常時宿泊が可能になる都路のその地区。住民は国から貸与される個人線量計とデータ読み取り機を常時携行することになるらしい。
1ミリシーベルトの“呪縛”が定着した中で、全住民が常時宿泊に応じるのか。
もう一つの数字の問題。100ベクレルという基準。食品の安全基準値。
放射線の無い世界なんてどこにもない。
川内村の農業をやっている人が書いていた。乳牛用の牧草。隣の草地から100ベクレルを少しだけ上回るセシウムが検出された。そこの牛乳組合が設けている自主規制値は30ベクレル。使えない牧草を刈るというむなしい作業が続いていると。

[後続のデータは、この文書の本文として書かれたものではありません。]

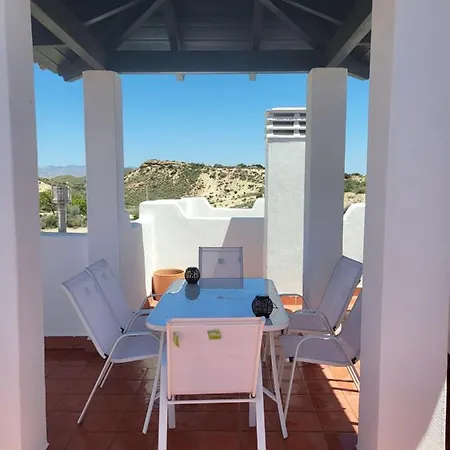 Appartement Atico Loft Playa *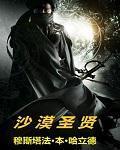 圣山沙漠之夜
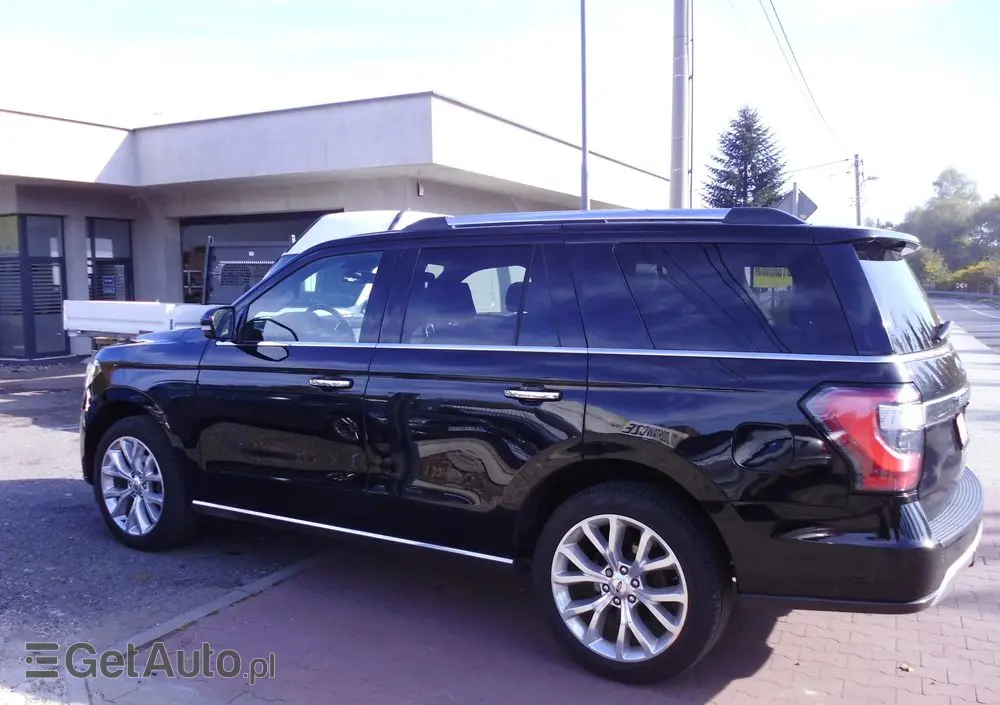 FORD Expedition 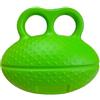 Generico Ball Grip Trainer, Grip Trainer Ball Escermatrice di Squeeze a mano | Attrezzatura per massaggio fitness portatile a mano spremere palla per scuola, uso domestico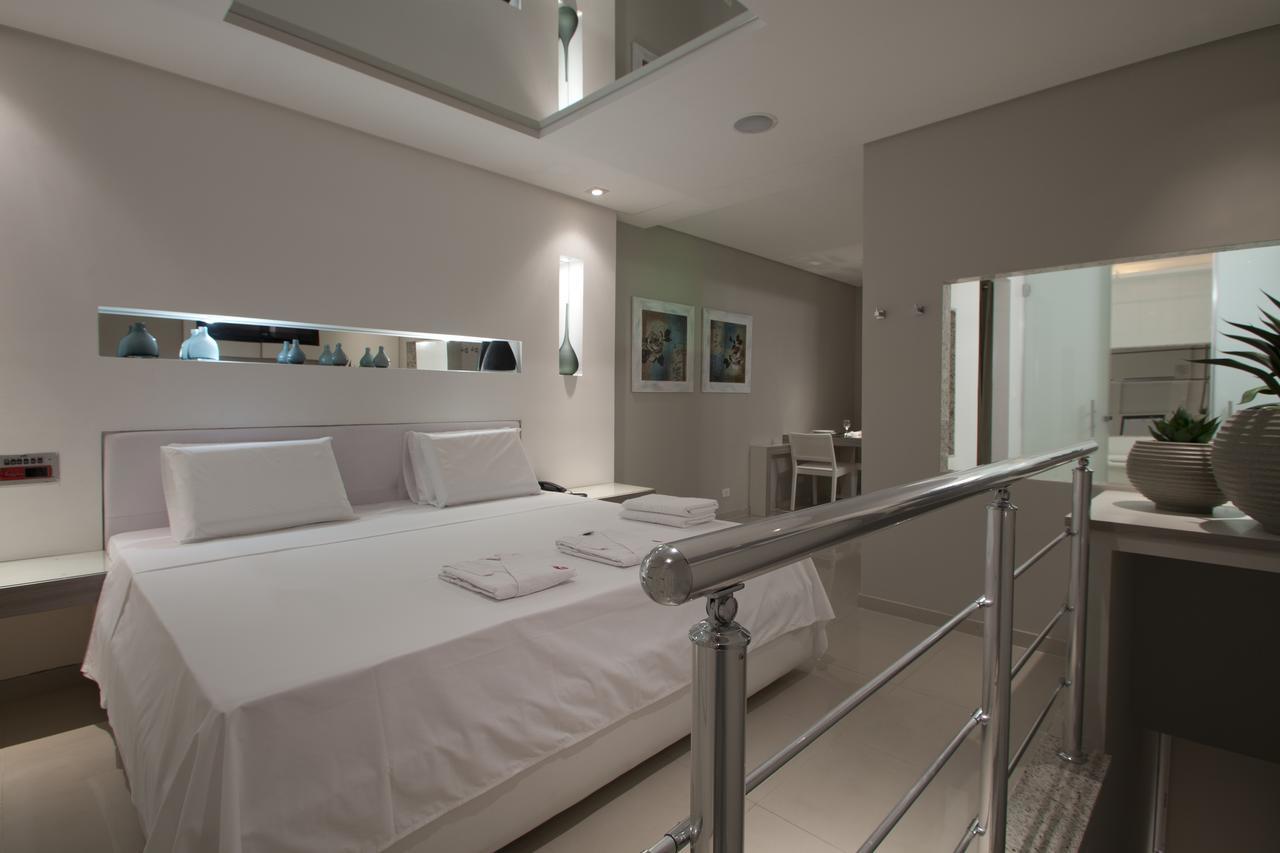 Motel Emocoes (Adults Only) Σάο Πάολο Εξωτερικό φωτογραφία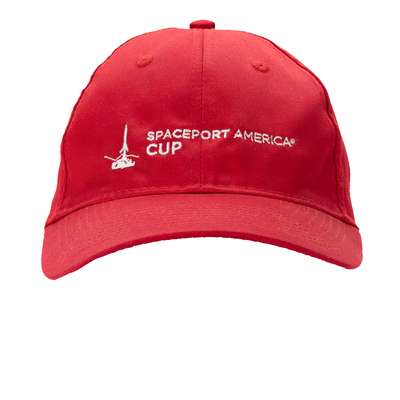 Spaceport America Cup Hat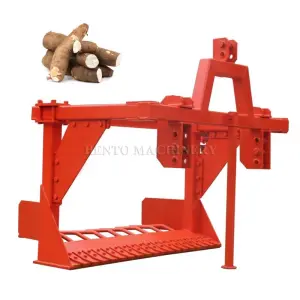 Machine to Harvest Cassava / Cassava Tapioca Root Harvester / Cassava Harvester in Nigeria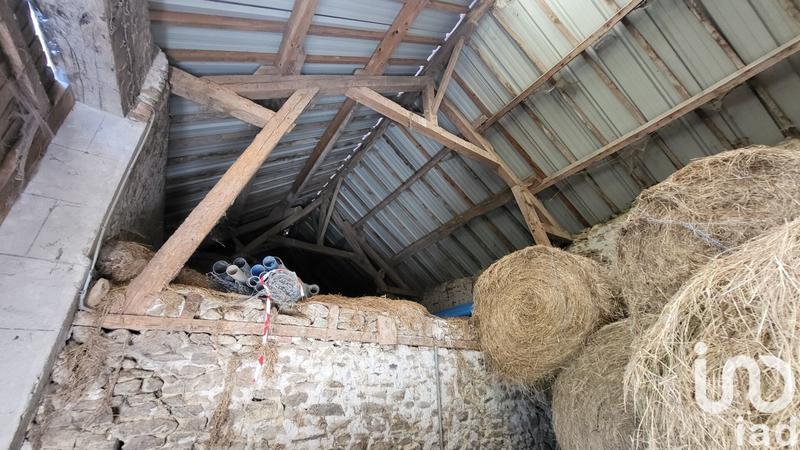 Maison - 63 m² - 2 pièces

もはや、こと原子力、放射性物質にかんしては、それが国際的な権威がある機関の数字であても、「すでにして権威に信頼を失った人たちは、数字を信用しない。
数値の中での生活、“監視”されながらの生活。補償とか権利の問題ではなく、被害が出るか、出ないか。因果関係がどうなるのか。自分なりの判断基準を持った人、持てない人、たぶん、大量に被ばくしているであろう原発作業員。
爆発事故から2年半になる。1ミリシーベルトと20ミリシーベルトのはざまで、福島の人たちは暮らしている。そして数字は、問題をより複雑化させ、数字が人のこころを壊しさえもしている。
早期帰還は政府の“陰謀”と言っていられる人がうらやましいかも。そうかもしれないが、時の経過はより深刻であり、複雑になる一方なのだ。
福島県民でも、「何もかんがえていない」ように見える人たちもいる。だから余計に複雑なのだ。
「反」とか「脱」とか言って“正義”を語っている人たちとの間には、埋まらない溝が増えてきているという実感。